Background information
- Born: James Hinton September 12, 1988 (age 37) Stroudsburg, Pennsylvania
- Origin: Stroudsburg, Pennsylvania
- Genres: Baltimore club; electronic;
- Occupations: Music producer; DJ;
- Years active: 2002–present
- Label: Domino, Donky Pitch, Astro Nautico;
- Website: www.therange.us

= The Range (musician) =

James Hinton (born September 12, 1988), known professionally as The Range, is an American disc jockey, electronic musician and record producer.

==Biography==
Hinton was raised by his mother, a music teacher, on a farm in Pennsylvania. He began playing drums at about seven years old, eventually developing interests in electronic dance music and Baltimore club music as he entered his college years at Brown University. His studies at Brown included electronic music but focused most heavily on math and physics, elements of which Hinton has since incorporated into his music. Upon graduating with a degree in physics, Hinton briefly worked in a lab and as a music teacher at Brown before turning his attention full-time to his music career with the release of his 2013 album Nonfiction.

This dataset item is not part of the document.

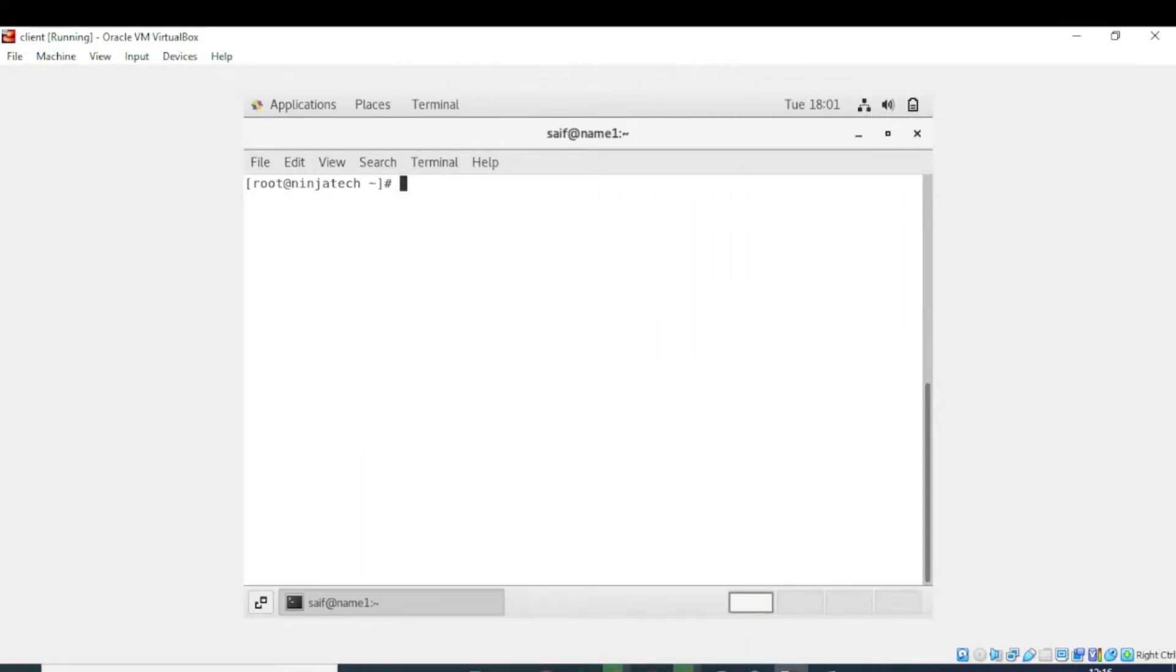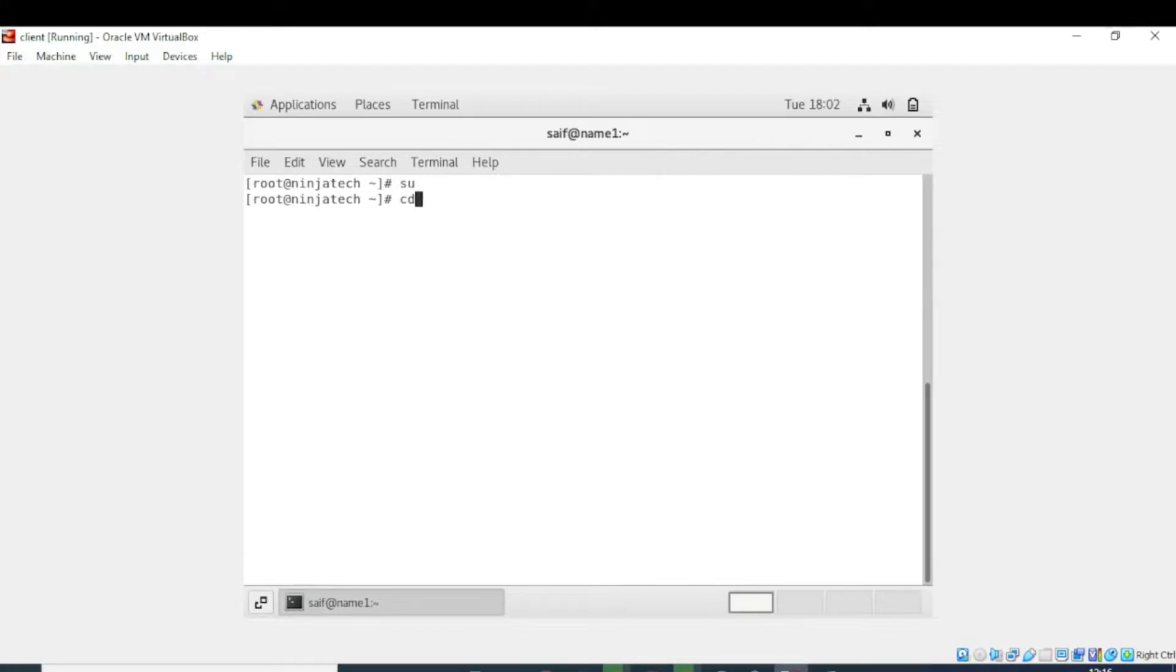Hello, welcome to Ninja Tech. In this video, we will see how to display the username of the current user. So first of all, you need to be in the root directory. I am already in the root directory.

After spending much of his post-graduate music career in Providence, Rhode Island, Hinton now lives in New York City. To create his album Potential (released March 25, 2016), he spent over 200 hours scanning obscure YouTube clips for audio samples. The diversity and character of the yet unknown vocalists involved combined with the necessity in reaching out to them for permission to use their work further compelled Hinton to their stories. This led to a collaboration with director Daniel Kaufman on the documentary film Superimpose, which chronicles these stories and the aspiring artists' connection to Hinton and his music.

==Discography==

===Albums===
- The Big Dip (2011)
- Nonfiction (2013)
- Potential (2016)
- Mercury (2022)

===EPs===
- disk (2012)
- Seneca (2013)
- Panasonic (2014)
- Breaking (2015) (with Niia)
- Strings EP (2016) (bonus 4 track vinyl included with the Potential Deluxe LP)
- Superimpose (Music From the Documentary) EP (2016)
- Providence (2019)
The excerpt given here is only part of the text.